Problem to work on: Print the records exactly and in full, please; the pictures stay out.

Dataset excerpts:
- Opening Delimiter -

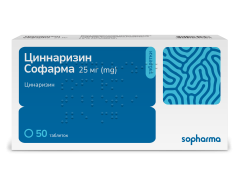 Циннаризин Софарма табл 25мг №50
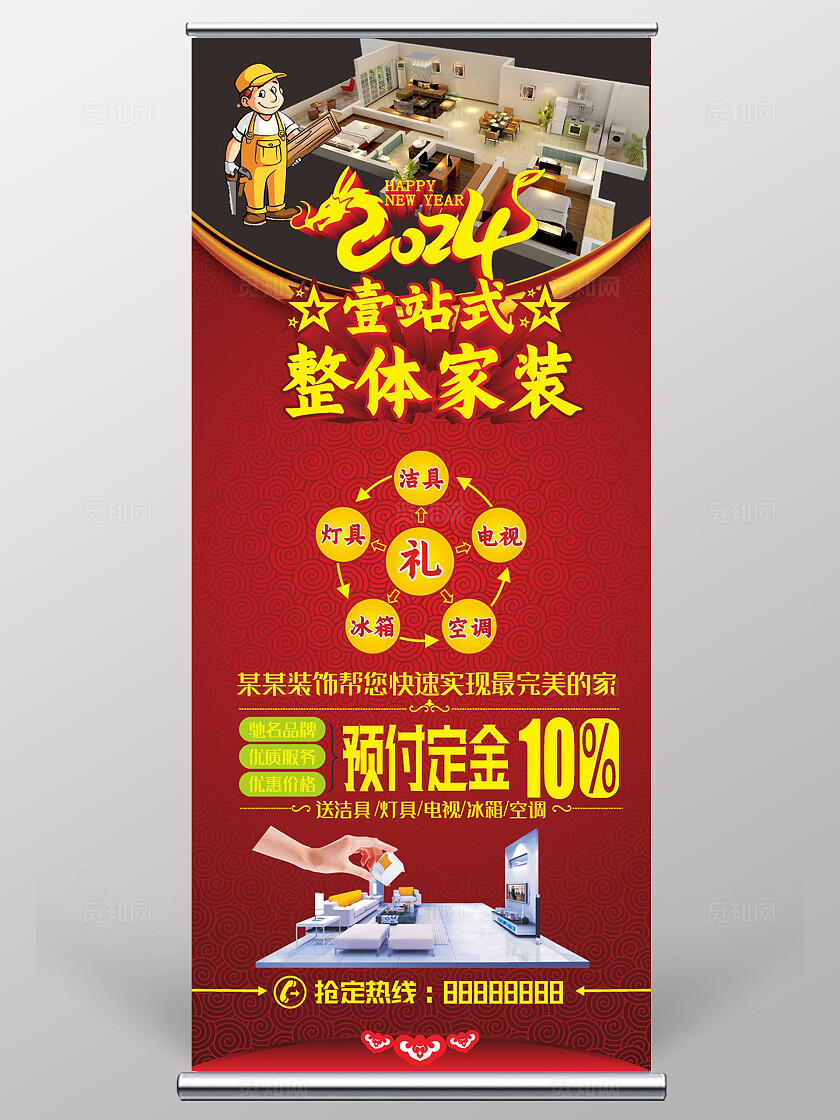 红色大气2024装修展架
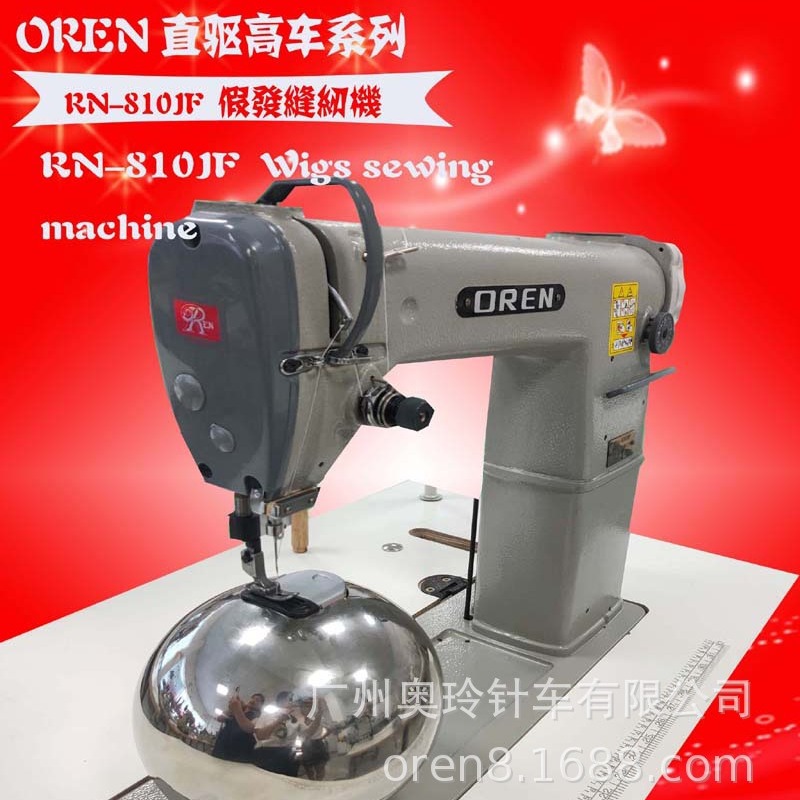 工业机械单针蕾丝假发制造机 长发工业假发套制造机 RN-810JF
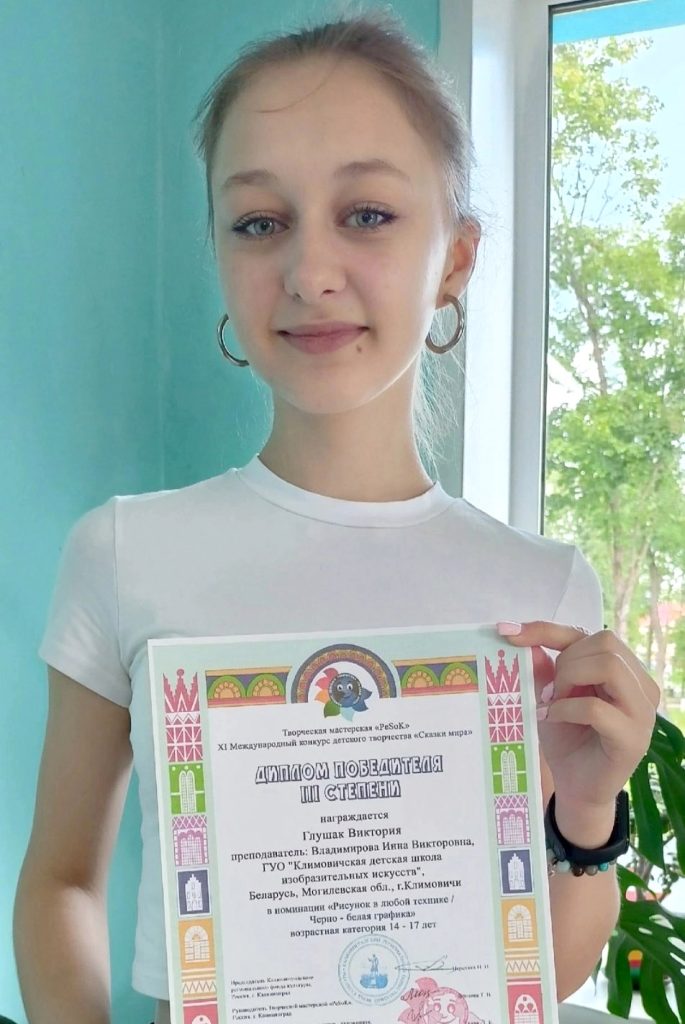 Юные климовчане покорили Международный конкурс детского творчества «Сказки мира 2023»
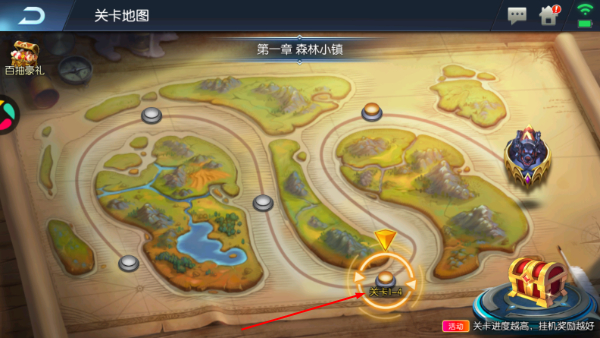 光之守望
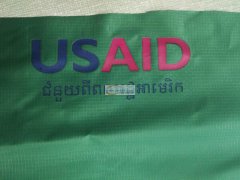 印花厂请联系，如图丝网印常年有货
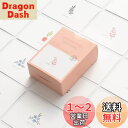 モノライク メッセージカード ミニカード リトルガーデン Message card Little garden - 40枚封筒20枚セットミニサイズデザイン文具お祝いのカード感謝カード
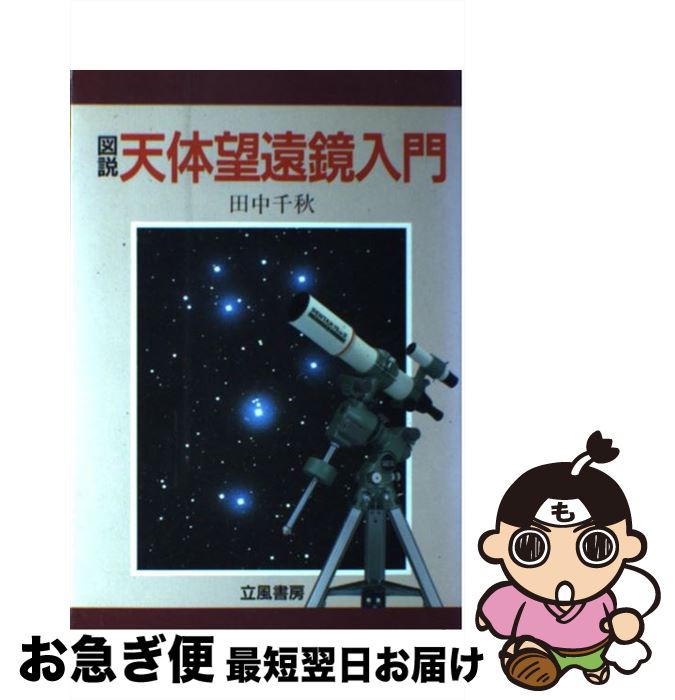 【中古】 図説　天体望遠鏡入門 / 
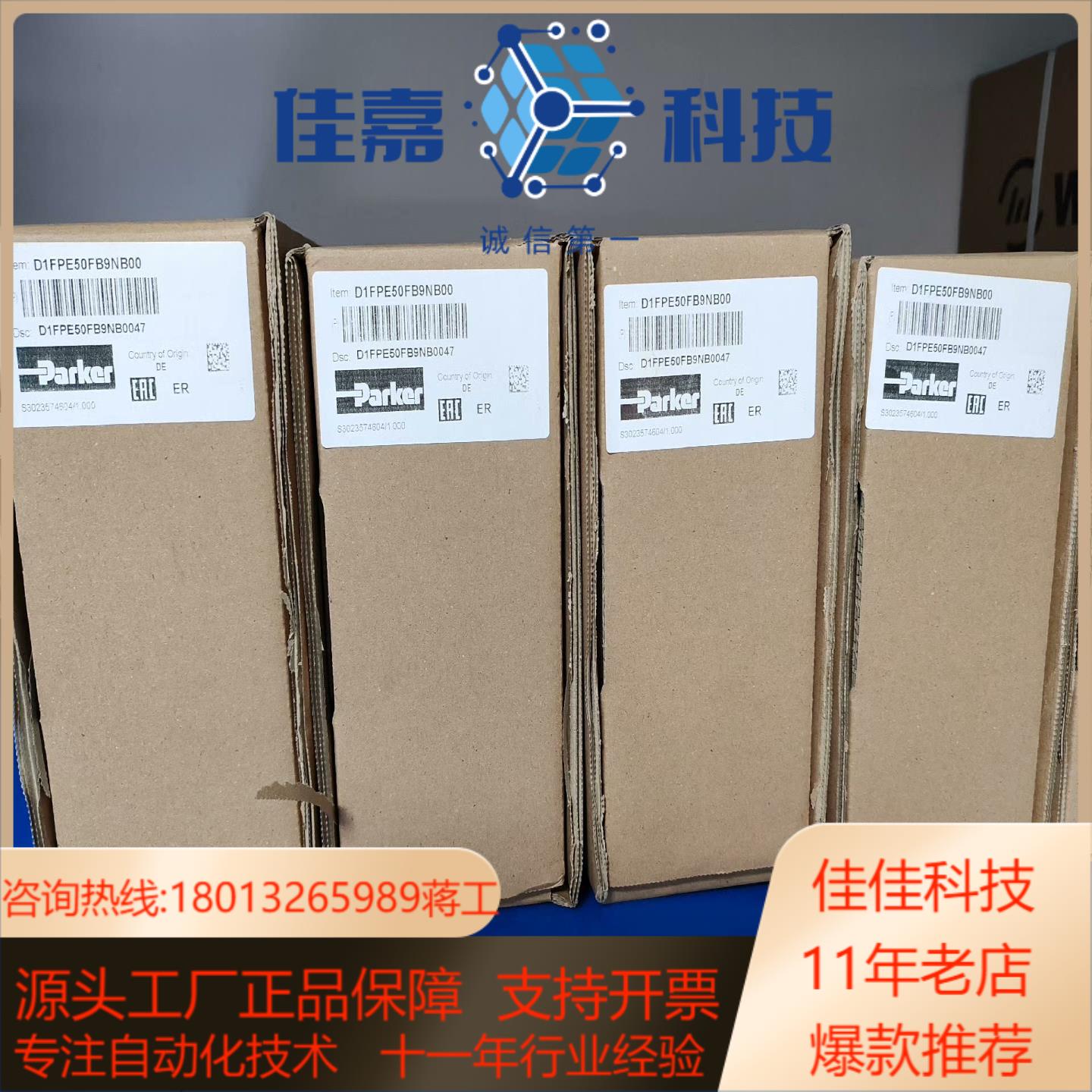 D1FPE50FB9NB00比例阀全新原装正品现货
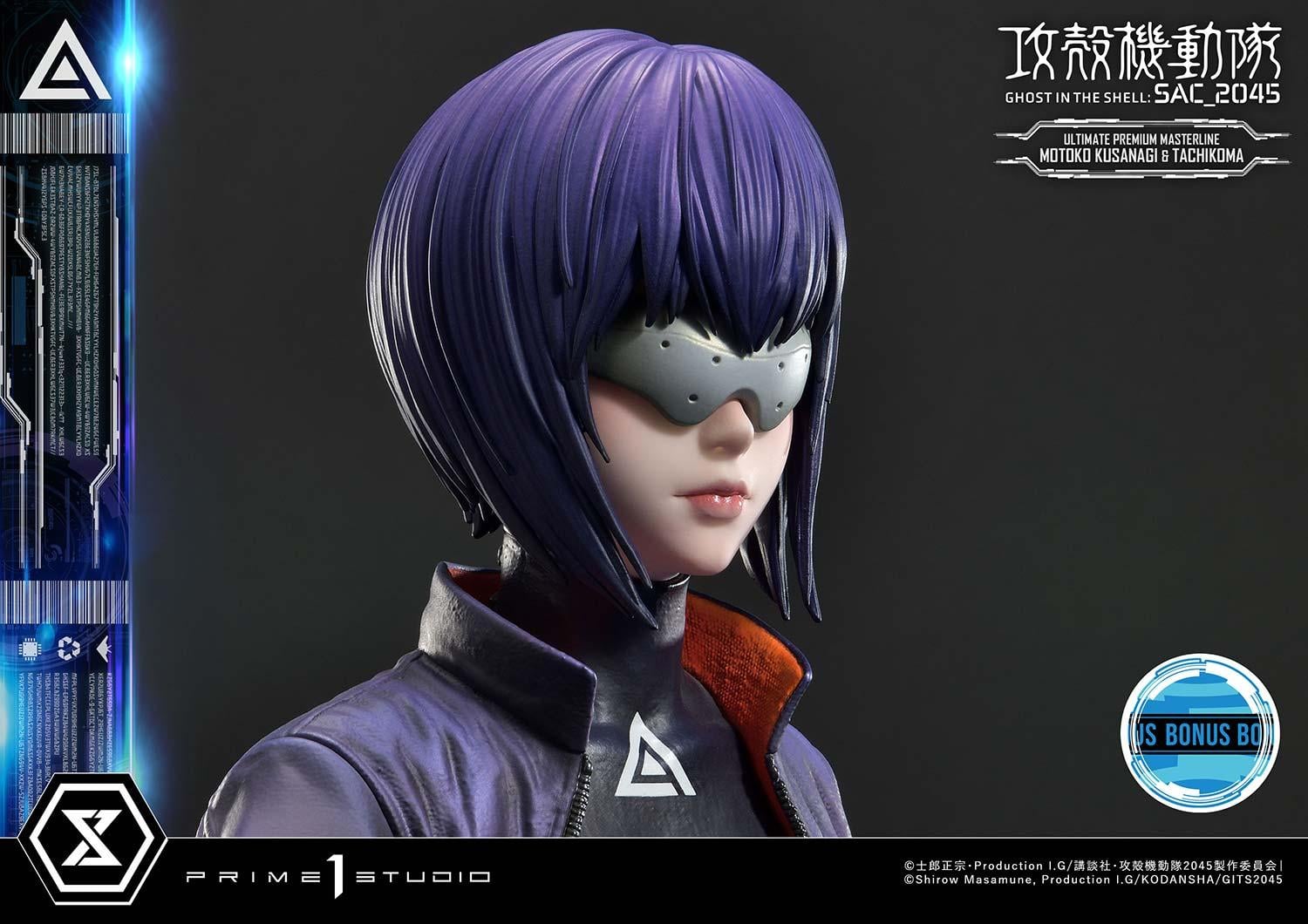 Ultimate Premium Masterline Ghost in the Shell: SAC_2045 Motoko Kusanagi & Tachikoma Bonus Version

- Closing Delimiter -

Output of the task:
 Циннаризин Софарма табл 25мг №50
 红色大气2024装修展架
 工业机械单针蕾丝假发制造机 长发工业假发套制造机 RN-810JF
 Юные климовчане покорили Международный конкурс детского творчества «Сказки мира 2023»
 光之守望
 印花厂请联系，如图丝网印常年有货
 モノライク メッセージカード ミニカード リトルガーデン Message card Little garden - 40枚封筒20枚セットミニサイズデザイン文具お祝いのカード感謝カード
 【中古】 図説　天体望遠鏡入門 / 
 D1FPE50FB9NB00比例阀全新原装正品现货
 Ultimate Premium Masterline Ghost in the Shell: SAC_2045 Motoko Kusanagi & Tachikoma Bonus Version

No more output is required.